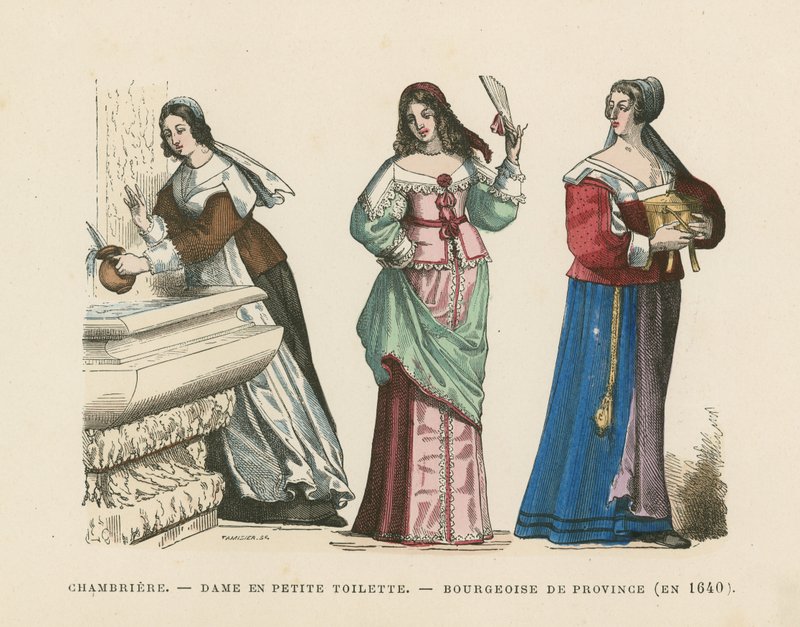 Fransız kadın kostümleri, 17. yüzyıl by French School
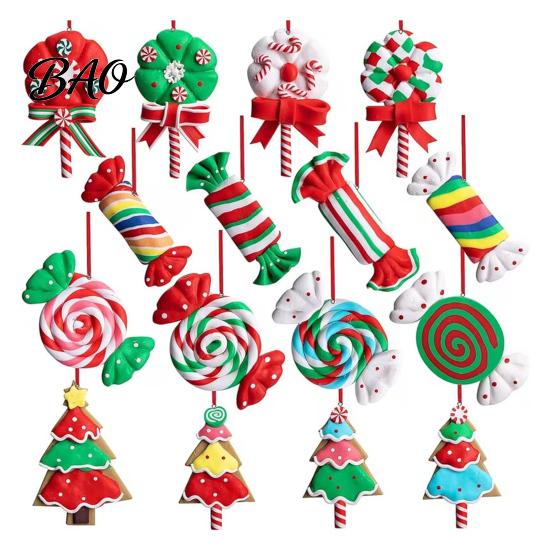 Holiday Gift Tags 16 Pcs Christmas Lollipop Ornaments, Red Green Striped Peppermint Swirl Candy Cane Reusable Ornaments Hanging Decoration,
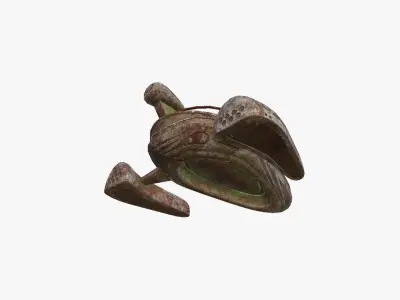 Alien Spaceship UFO H11 Abandoned - Sci Fi Spacecraft Design Low-poly 3D model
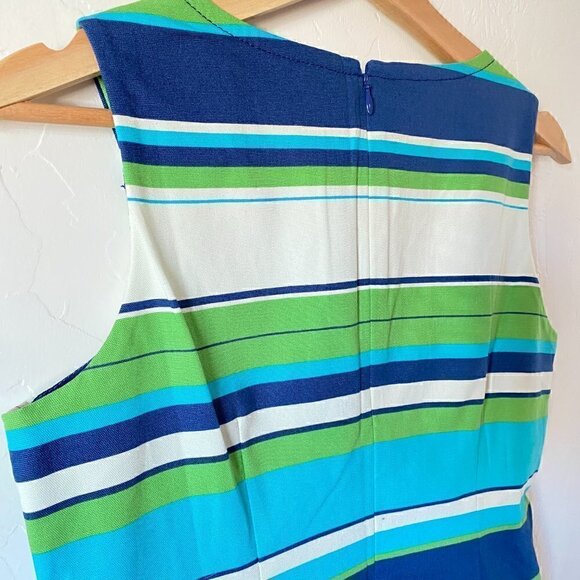 TALBOTS Dress Striped Sleeveless Size 6P - Blue - Green - White - Picture 8 of 8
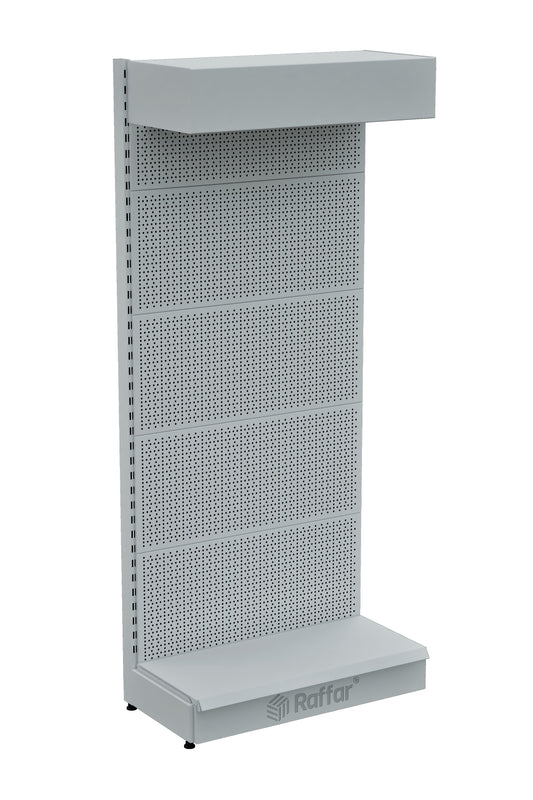 Raft pentru articole de feronerie perforat, cu fronton și bază – Alb, Unitate Individuală – L90 × Î220 × A30/40 cm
* * * * * * * * *
- **PROBLEM STATEMENT**: Leaving pictures aside, give again word for word each line from the one with "TALBOTS Dress Striped" to the final line of the entries.

- **ANSWER AREA**:
 TALBOTS Dress Striped Sleeveless Size 6P - Blue - Green - White - Picture 8 of 8
 Raft pentru articole de feronerie perforat, cu fronton și bază – Alb, Unitate Individuală – L90 × Î220 × A30/40 cm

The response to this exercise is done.